За дверью, в такт биению моего сердца, раздались шаги.
— Ну, что? — Максим вошел, а я аккуратно переместилась ближе к двери. — Нашла?
— Нет! — тряхнула я головой.
Тигрин наклонился и сунулся в шкафчик. Я сделала два легких шажка и, очутившись в коридоре, закрыла дверь, повернув на два оборота оставленный в замке ключ.

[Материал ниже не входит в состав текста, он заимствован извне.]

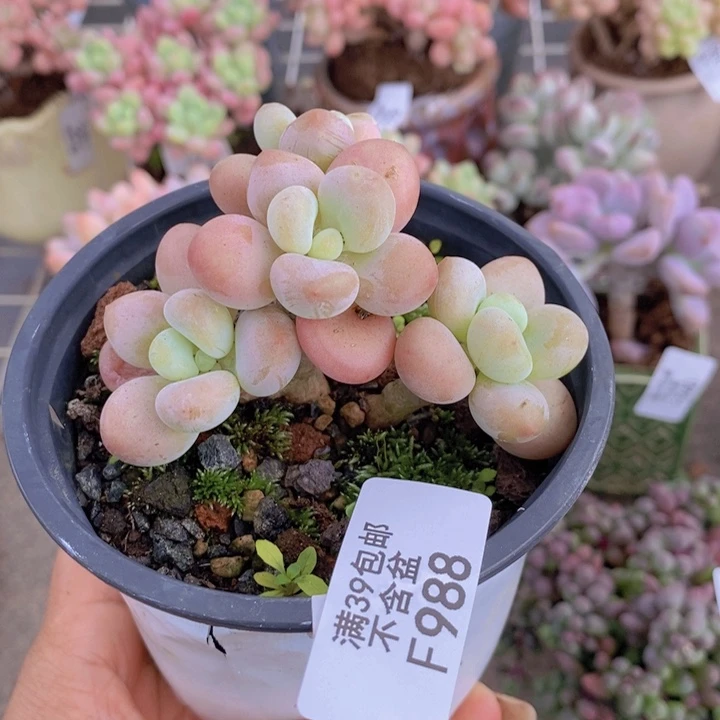 花朵洛神988/7v m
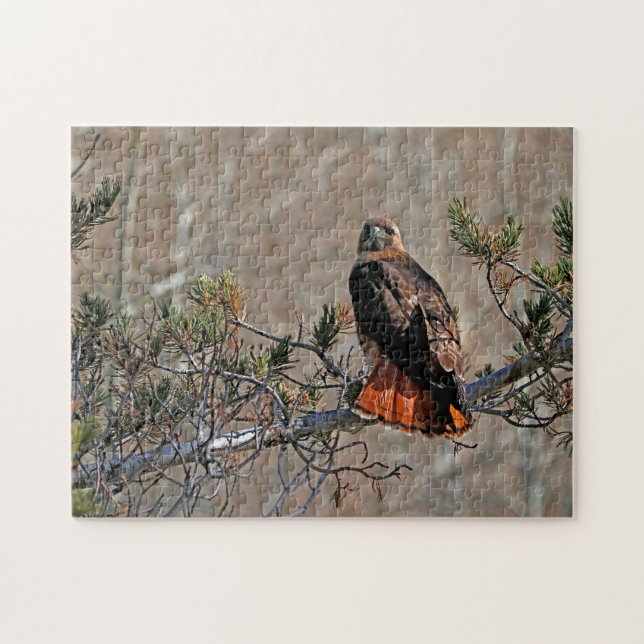 Red‑Tailed Hawk Jigsaw Puzzle (Horizontal)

— Люба, — послышался удивленный голос, — в чем
дело?
Не слушая, я метнулась в кабинет. Отцепила от лацкана пиджака пропуск Тигрина, потом залезла в его стол. Когда Максим убирал энциклопедию, я приметила в ящике диктофон. Рядом лежала упаковка кассет. Руки тряслись, поэтому, чтобы вставить чистую кассету, пришлось постараться. Меж тем из холла послышался стук.
— Люба, что ты делаешь?
Я молчала.
— Послушай, это просто глупо! Неужели ты думаешь, что сможешь отсюда сбежать? Просто отдай дискету и прекрати забивать себе голову чепухой! Ну зачем ты лезешь в это? Люба, прошу, доверься мне. Я все сделаю, и эта глупая история будет забыта... Не дури, Люба! — Ему наскучило беседовать с самим собой, и он снова шарахнул по двери. — Ты не сможешь выйти из «Медирона»! Твой пропуск уже аннулирован!
— Я догадалась! — шаря по карманам его пиджака, злобным шепотом огрызнулась я. — Потом доложишь начальству, что воспитательная беседа прошла в теплой дружеской обстановке и завершилась полным моим раскаянием.
Найдя ключи от «СААБа» и сотовый телефон, я обрадовалась. Окажись телефон у Тигрина с собой, охрана освободит его через пять минут. А мне нужно времени чуть больше.
Закрыв за собой неприметную серую дверь, я поторопилась к лифту, размышляя о том, что жизнь моя, похоже, стремительно летит ко всем чертям...
Благодаря прихваченному у Тигрина пропуску, я уже через пару минут подходила к дубовой двери со скромной черной табличкой: «Заместитель главного врача Исмаилян Акоп Ашотович». В пустом коридоре стояла гулкая тишина. Я оглянулась по сторонам и постучала.